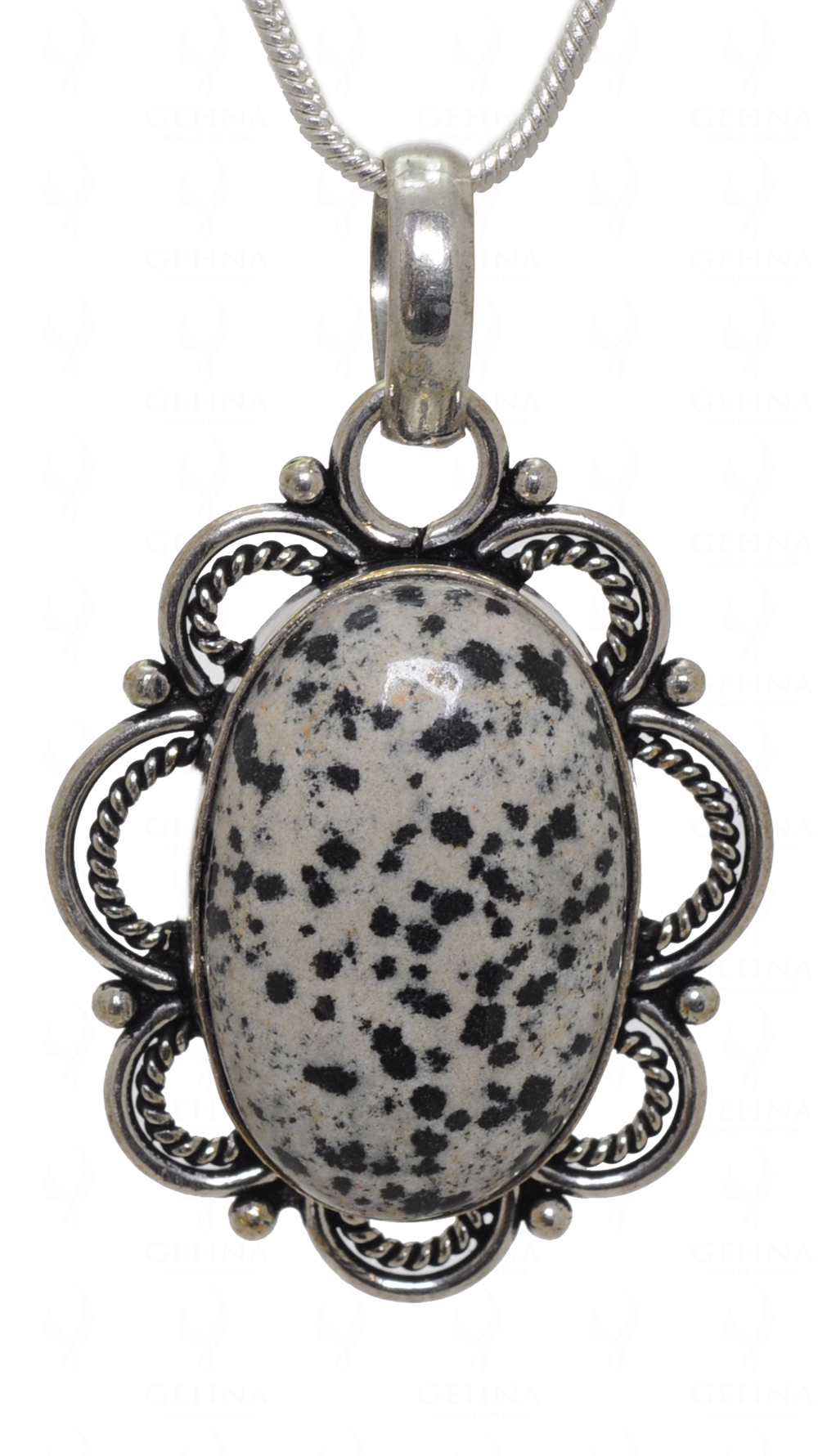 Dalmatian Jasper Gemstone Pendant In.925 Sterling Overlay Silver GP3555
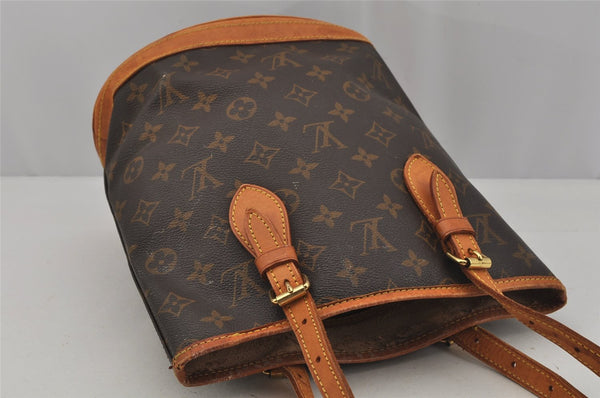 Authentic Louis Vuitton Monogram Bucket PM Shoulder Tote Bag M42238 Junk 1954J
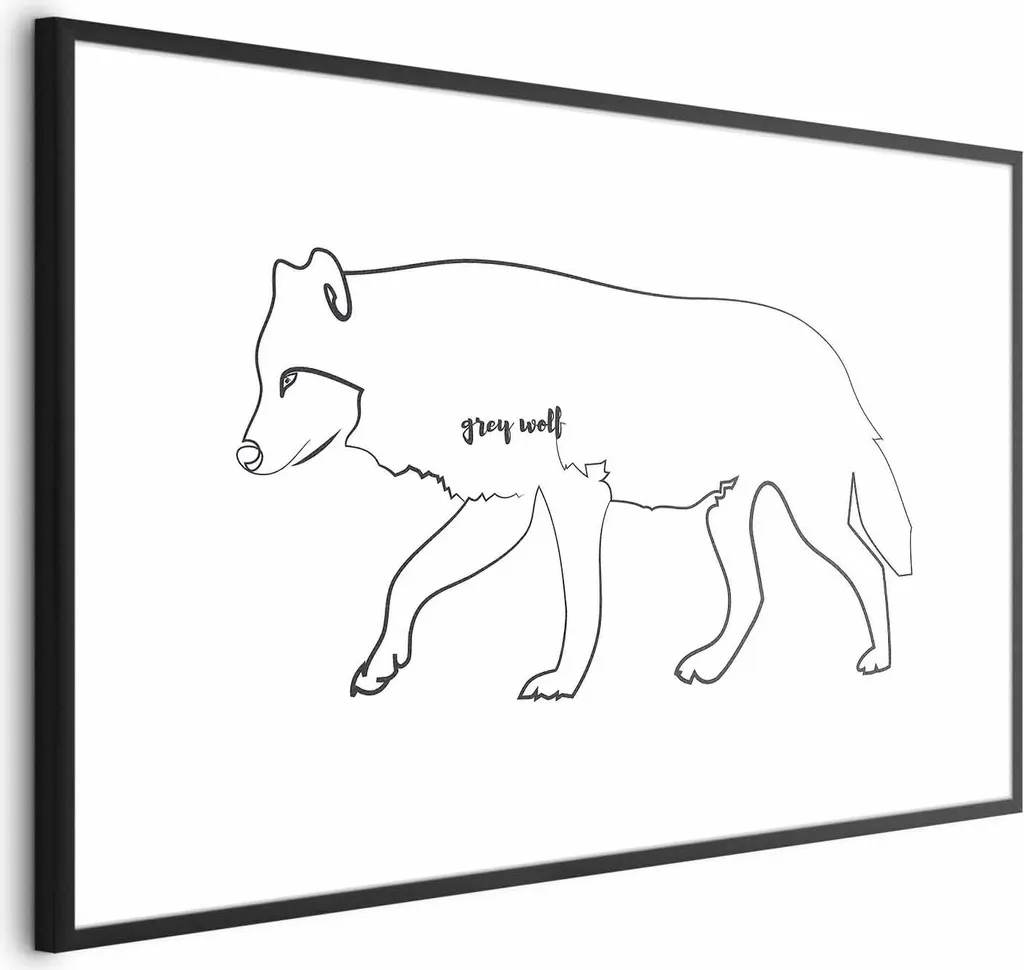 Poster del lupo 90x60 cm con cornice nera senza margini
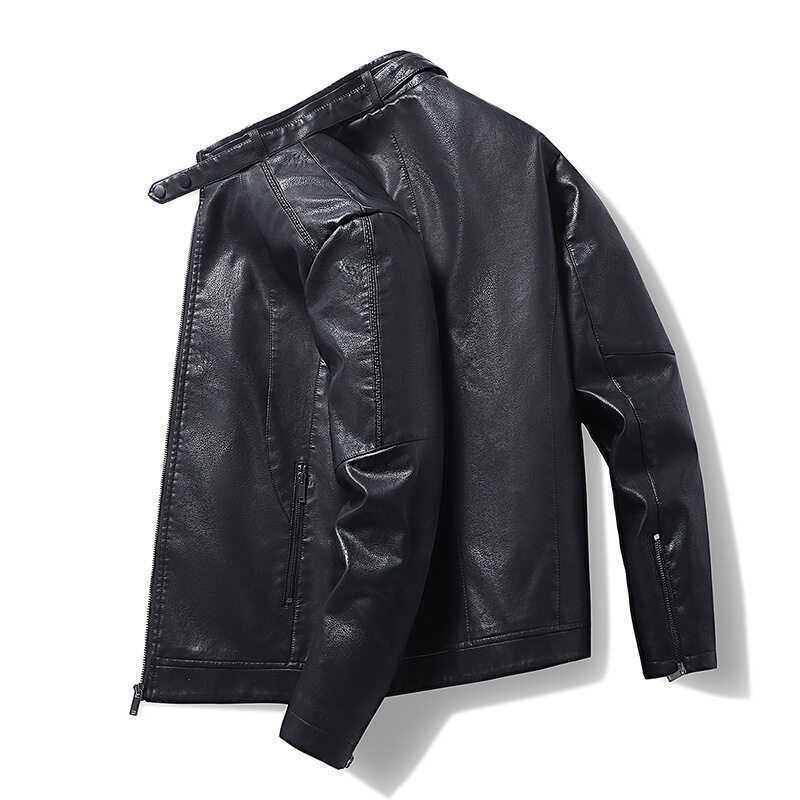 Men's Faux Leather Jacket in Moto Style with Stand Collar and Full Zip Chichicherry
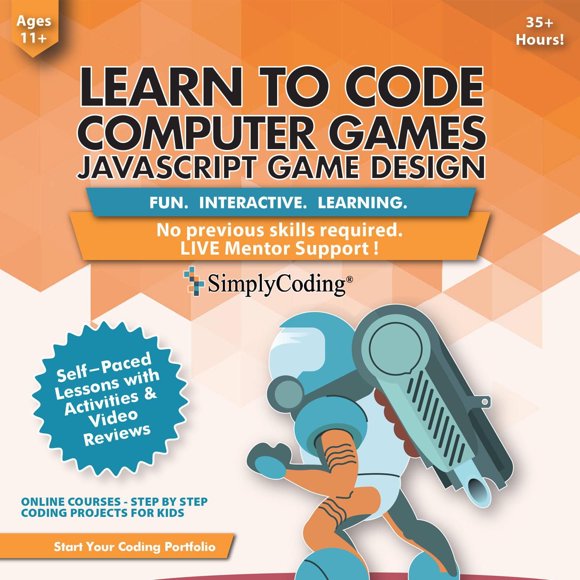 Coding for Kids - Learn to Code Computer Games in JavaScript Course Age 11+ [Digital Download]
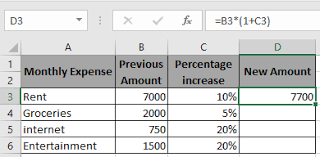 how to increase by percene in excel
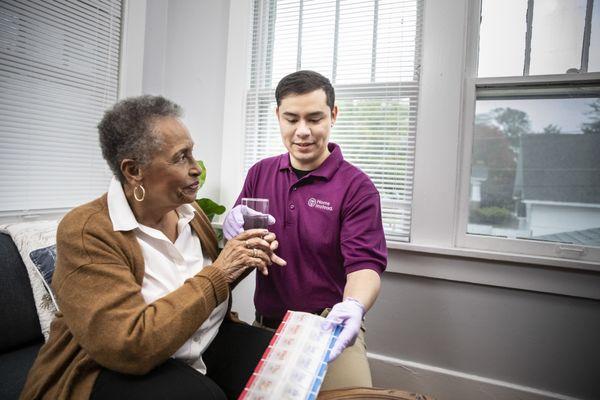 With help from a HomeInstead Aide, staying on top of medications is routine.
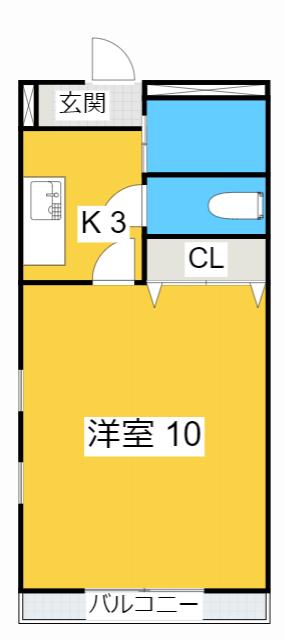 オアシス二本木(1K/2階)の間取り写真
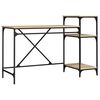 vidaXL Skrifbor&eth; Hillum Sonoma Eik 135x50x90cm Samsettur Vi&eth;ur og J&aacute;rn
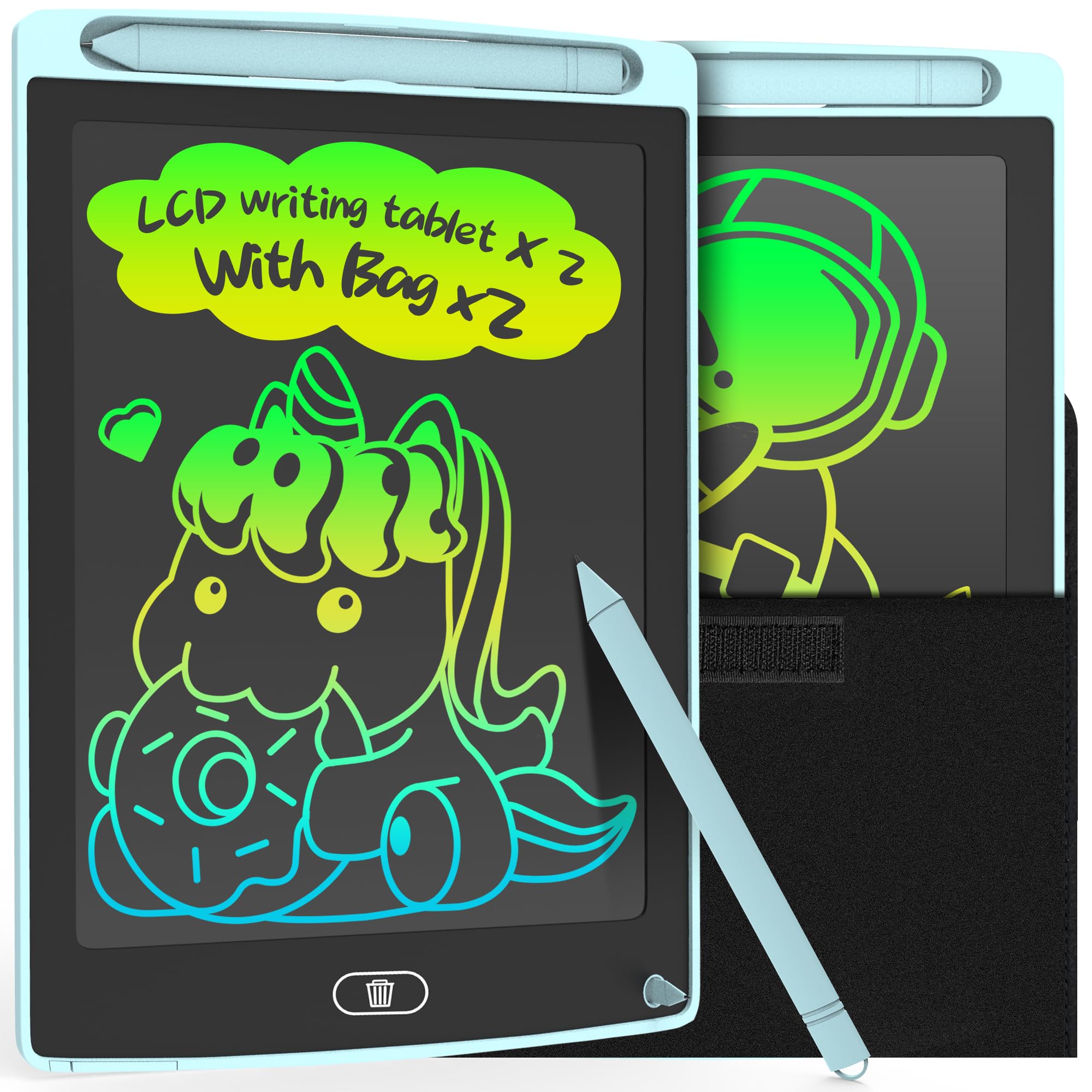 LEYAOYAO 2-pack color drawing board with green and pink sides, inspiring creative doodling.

------------------------------------

» **INSTRUCTIONS FOR THE TASK**:
Copy every record exactly, without the pictures.

» **RESULT OF THIS EXERCISE**:
 Dalmatian Jasper Gemstone Pendant In.925 Sterling Overlay Silver GP3555
 Authentic Louis Vuitton Monogram Bucket PM Shoulder Tote Bag M42238 Junk 1954J
 Poster del lupo 90x60 cm con cornice nera senza margini
 Men's Faux Leather Jacket in Moto Style with Stand Collar and Full Zip Chichicherry
 Coding for Kids - Learn to Code Computer Games in JavaScript Course Age 11+ [Digital Download]
 how to increase by percene in excel
 With help from a HomeInstead Aide, staying on top of medications is routine.
 オアシス二本木(1K/2階)の間取り写真
 vidaXL Skrifbor&eth; Hillum Sonoma Eik 135x50x90cm Samsettur Vi&eth;ur og J&aacute;rn
 LEYAOYAO 2-pack color drawing board with green and pink sides, inspiring creative doodling.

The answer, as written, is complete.